Figure 7: Observations of the solar eclipse realized at different wavelengths (393.37 nm, left and 535.7 nm, right), image credit: CNES
Figure 8: Observations of the solar eclipse realized at different wavelengths (607.1 nm), image credit: CNES
• Oct. 21, 2013: The PICARD data are now available to the scientific community on the web (Ref. 17).
Main goal: to show that SODISM is producing solar oblateness measurements within precision-accuracy compatible with the needs to advance solar physics, and the ability to observe p-mode at the limb and from intensity variation. Initial results are: 20)
- PICARD is producing reliable solar oblateness measurements
- The plans of the project are to continue the measurements towards the rising phase of the solar cycle to further explore the possible effect of magnetic activity on the oblateness. However, special caution will be taken into account concerning the active region effect on the inflection point determination.
- The presented measurements were obtained in the solar photospheric continuum at 782 nm. Observations at other wavelengths are needed.
- The detection of p-modes is usually made by Doppler and intensity measurements. It can now be performed at the limb. The advantage of this new method has to be studied in detail.

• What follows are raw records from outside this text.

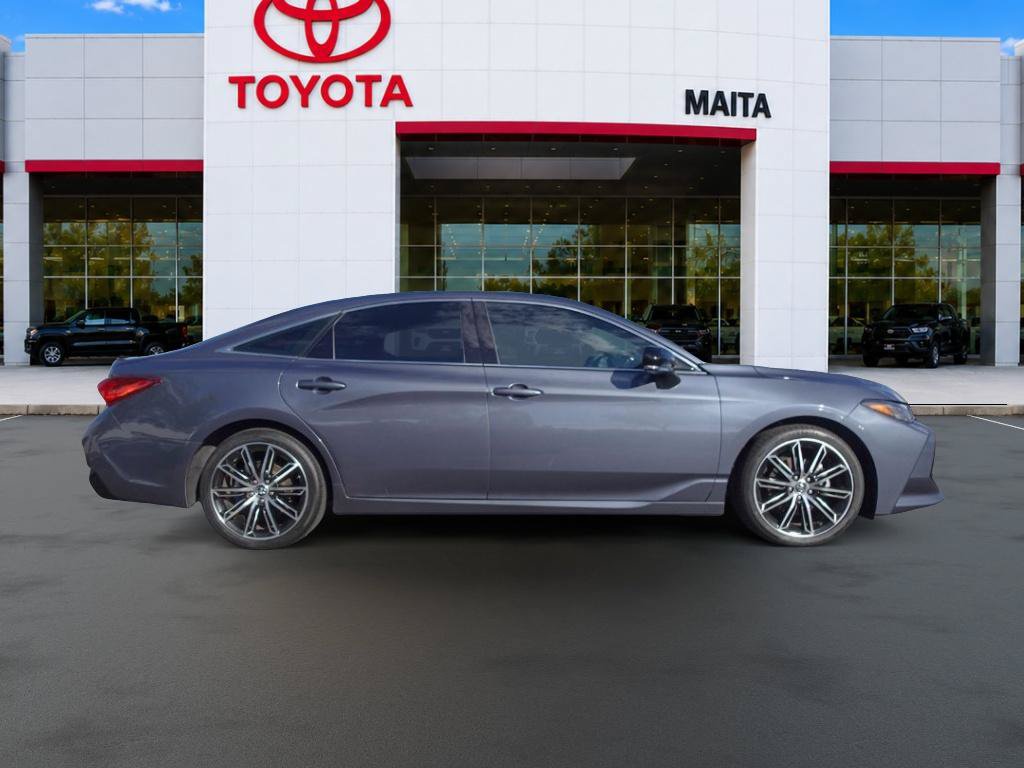Certified 2019 Toyota Avalon Touring w/ Advanced Safety Package FWD image 2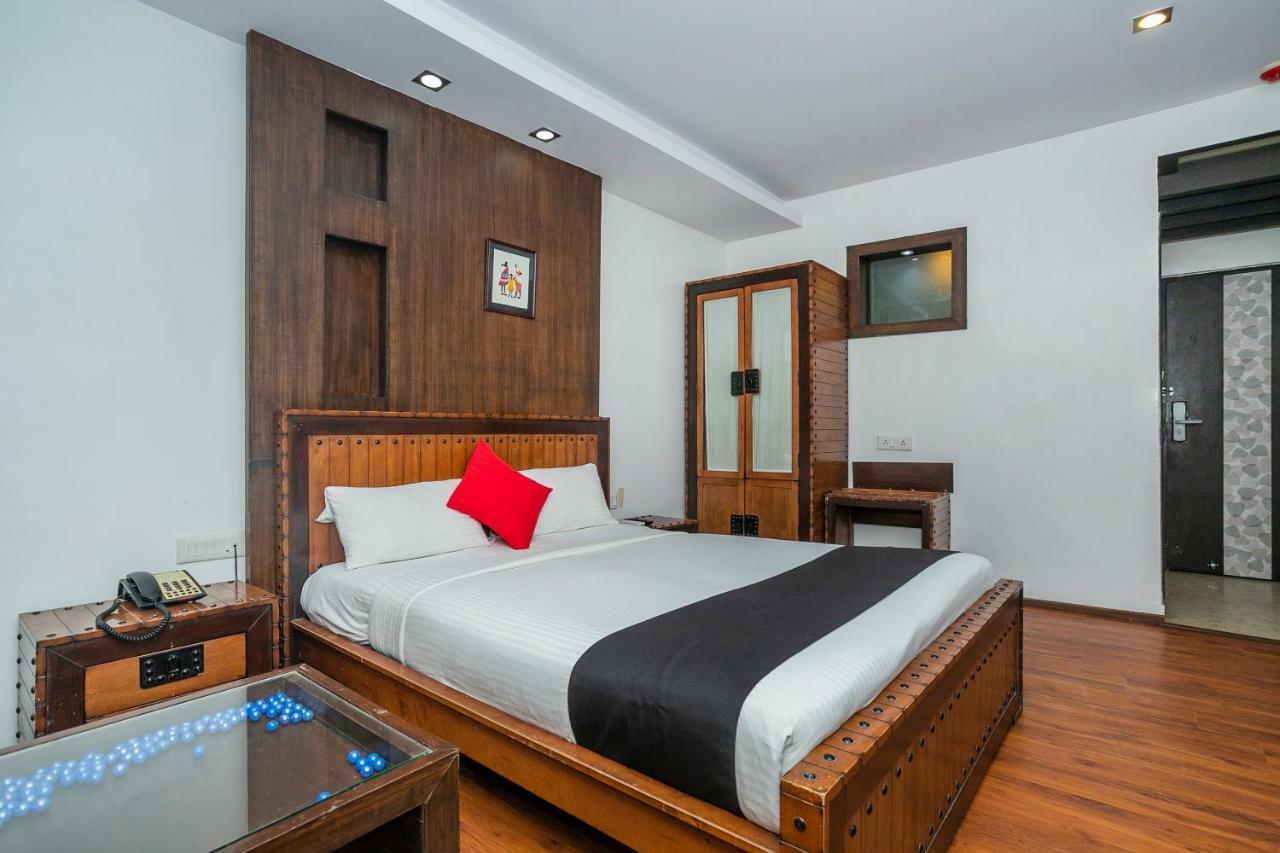 The Elite Royale Aparthotel Bangalore Exterior photo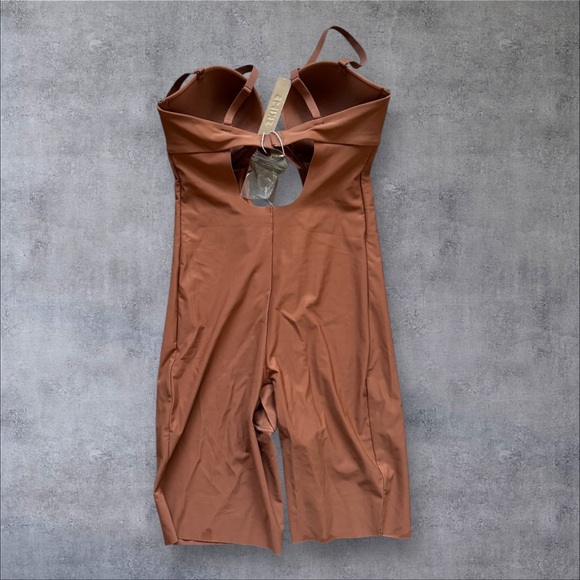 NWT SKIMS Deep Plunge Shapewear Mid Thigh Bodysuit Bronze - Picture 5 of 7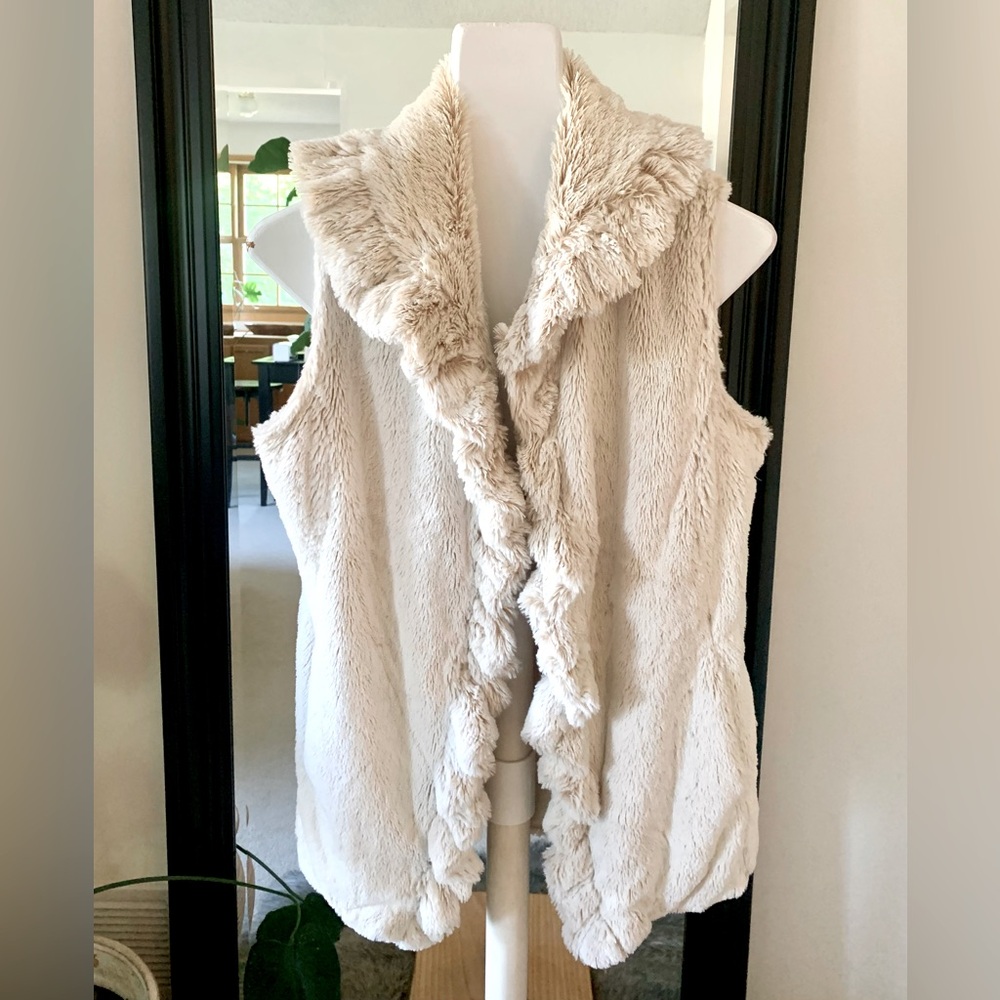 DAMSELLE NEW YORK Faux Fur Vest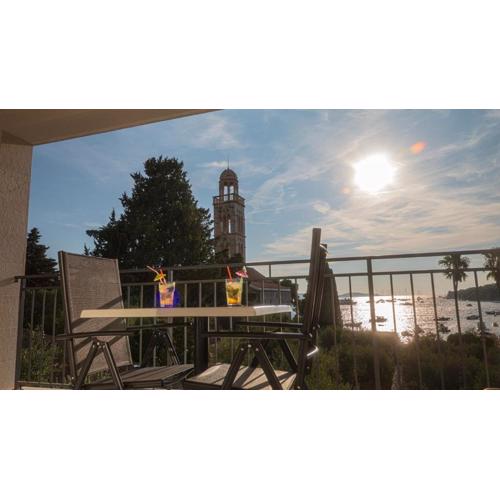Palm beach apartments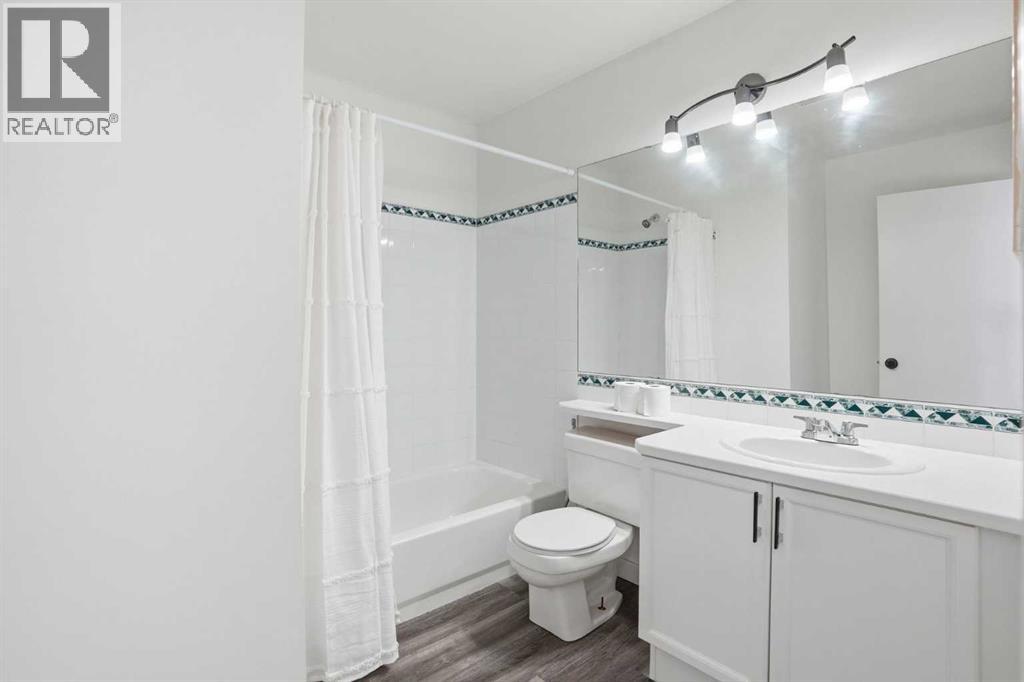 113 Mt Lorette Place SE, Calgary, Alberta  T2Z 2M1 - Photo 13 - A2288992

Note: The p-mode (or acoustic wave mode) is a type of solar oscillation mode where “pressure” acts as the prime restoring force; hence, the name p-mode. Their dynamics are determined by the variation of the speed of sound inside the sun. P-mode oscillations have frequencies > 1 mHz and are very strong in the 2-4 mHz range. P-modes at the solar surface have amplitudes of hundreds of kilometers and are readily detectable with Doppler imaging or sensitive spectral line intensity imaging. 21)
• In the fall of 2011, only very preliminary science results are available for publication. Due to the metrology characteristic of the mission, the scientific data need to be collected and processed over a long duration before meaningful results can be published. 22)
Results associated with SODISM:
- The basic information is provided by images of the Sun either as full image (from center to limb) or a ring including the limb for measurements of the solar diameter and limb shape. Some typical images are:
Figure 9: Sun surface at 393 nm (image credit: CNES)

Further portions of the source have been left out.